Outro destino ao tédio, infelizmente muito comum, é a pessoa não fazer nada a respeito e passar o resto da vida reclamando.    

Assim, como psicanalista, considero muito seriamente o tédio e a melancolia em meus pacientes como podendo ser a expressão de verdadeiros desejos por mudança ainda não muito bem formulados pela própria pessoa. 

Princípio de um longo e doloroso processo de desalienação no qual a pessoa começará a se indagar, por exemplo, se vale mesmo a pena fazer tudo o que se espera dela, seja ser o “bom” filho, o “bom” cônjuge, os “bons” pais, o “bom” trabalhador, o “bom” vizinho, etc.

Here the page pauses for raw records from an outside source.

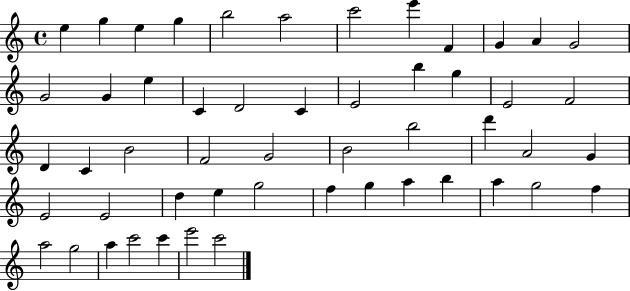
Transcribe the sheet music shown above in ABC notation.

X:1
T:Untitled
M:4/4
L:1/4
K:C
e g e g b2 a2 c'2 e' F G A G2 G2 G e C D2 C E2 b g E2 F2 D C B2 F2 G2 B2 b2 d' A2 G E2 E2 d e g2 f g a b a g2 f a2 g2 a c'2 c' e'2 c'2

Outros fatores que parecem gerar tédio são o excesso de conforto material e ausência de desafios e dificuldades a serem superadas e a ação massiva do ódio na mente.

O amadurecimento de Macha

Finalizando, vemos na novela Macha encaminhar-se para um amadurecimento e aprofundamento do seu olhar. Assim, por exemplo, aprende que o amor inflamado e febril que experimentou pelo marido nos primeiros tempos de casamento, afinal, não poderia durar para sempre, já que “cada tempo tem seu amor”.  

Mais madura, também aprende a enxergar beleza nas pequenas coisas singelas da vida como os pezinhos do filho e a rotina de chá com o marido. 

Em suma, terminada a crise, a ingênua e insatisfeita Macha deixará de desprezar o marido por seu jeito simples e fácil de ser feliz, finalmente descobrindo que ninguém escapa em alguma medida à monotonia e ao tédio da vida, que pode ter lá sua grande beleza. 

* Não é imprescindível que o leitor conheça a novela para acompanhar o artigo. Mas, se quiser se deleitar com a leitura deste clássico, clique aqui para baixar o livro Novelas Completas – Liev Tolstói.

** O uso do termo melancolia no presente artigo não corresponde ao conceito estritamente freudiano conforme descrito em Luto e Melancolia (1915), mas à presença de sentimentos de tristeza, apatia e desânimo que se experimenta ao longo da vida.